Sarah Beth Briggs (piano) (Avie)

Our rating

4

Published: July 23, 2020 at 3:03 pm

CD_AV2418_Mozart

The Austrian Connection Haydn: Piano Sonata in C, Hob. XVI/50; Mozart: Piano Sonata No. 8 in A minor, K. 310; Schubert: Piano Sonata in A, D. 664; Gál: Three Small Pieces, Op. 65 Sarah Beth Briggs (piano) Avie AV2418 74:21 mins

Though by most definitions not a member of the Second Viennese School, the composer Hans Gál (only five years younger than Alban Berg) certainly inhabited a similar world. Perhaps one difference was that he was temperamentally better disposed than many of his contemporaries to the First Viennese School, an affinity that certainly comes across in the Three Preludes, Op. 65. The pianist Sarah Beth Briggs, a consistent champion of Gál’s music, makes the Haydnesque connection in music that doesn’t betray all the pain its composer must have been feeling.
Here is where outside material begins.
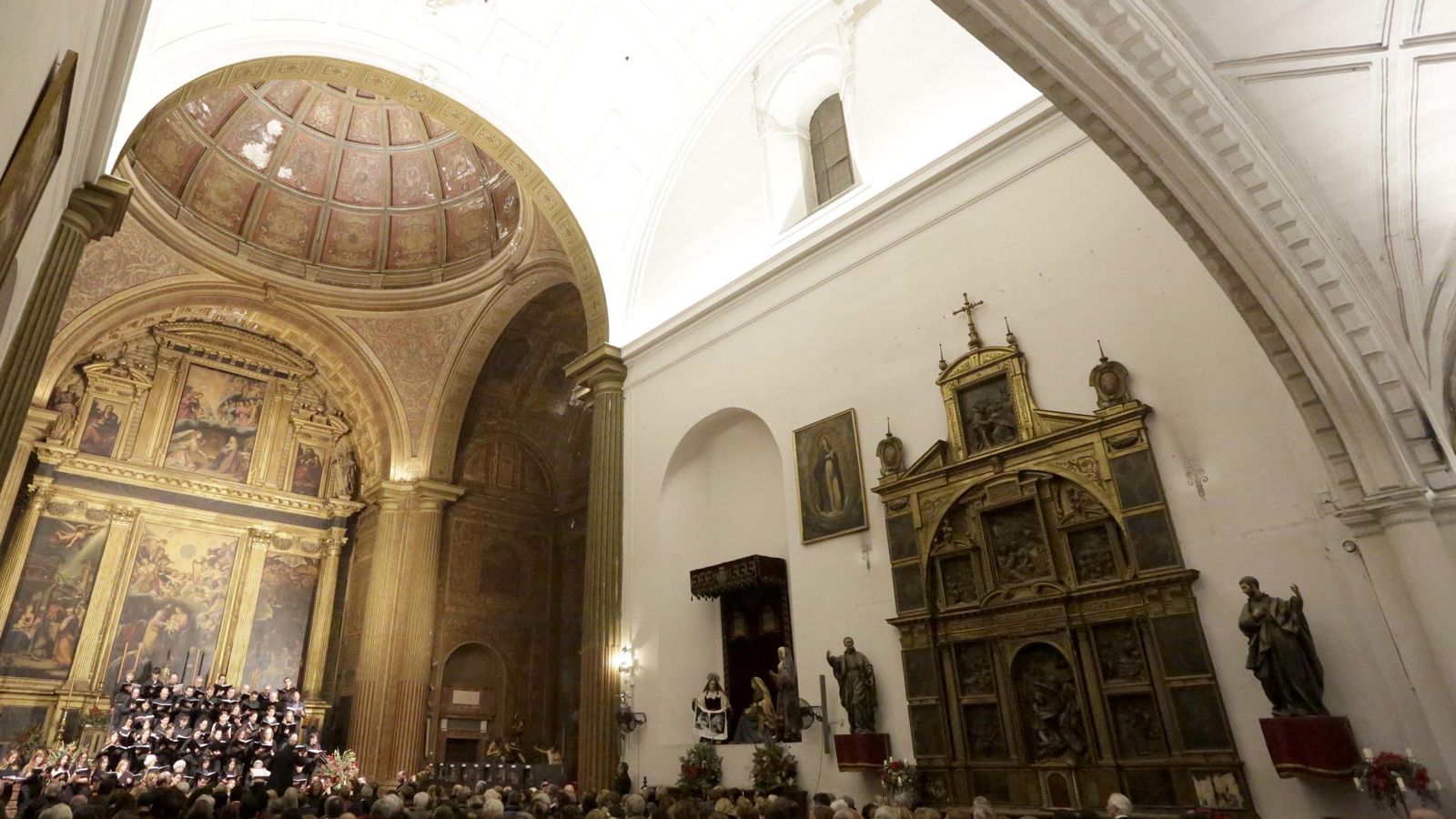 El retablo en la iglesia de la Anunciación.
A refugee from Nazism, he was interned by the British in 1940 as an enemy alien, but soon settled in Edinburgh, where he wrote these pieces in 1944. In the sparkling clarity of Briggs’s performance, the opening Vivacissimo lives up to its tempo marking, and a haunting slow movement anchors the work before the toccata-like finale which flies up and away at the end.

Briggs’s Haydn is similarly arresting. She opens with the variations on the future Austrian national anthem originally found in the Emperor Quartet, and brings out the delightful wit of Haydn’s Piano Sonata in C, Hob. XVI/50 – another work written in Britain, during Haydn’s second visit. A fine sense of sonority displayed here slightly deserts her in Mozart’s Sonata in A minor, K 310, where already the left-hand figure of the opening is a little insistent. But the good-natured serenity of her Schubert (the concise Sonata in A major, D 664) quickly restores balance in this attractive recital.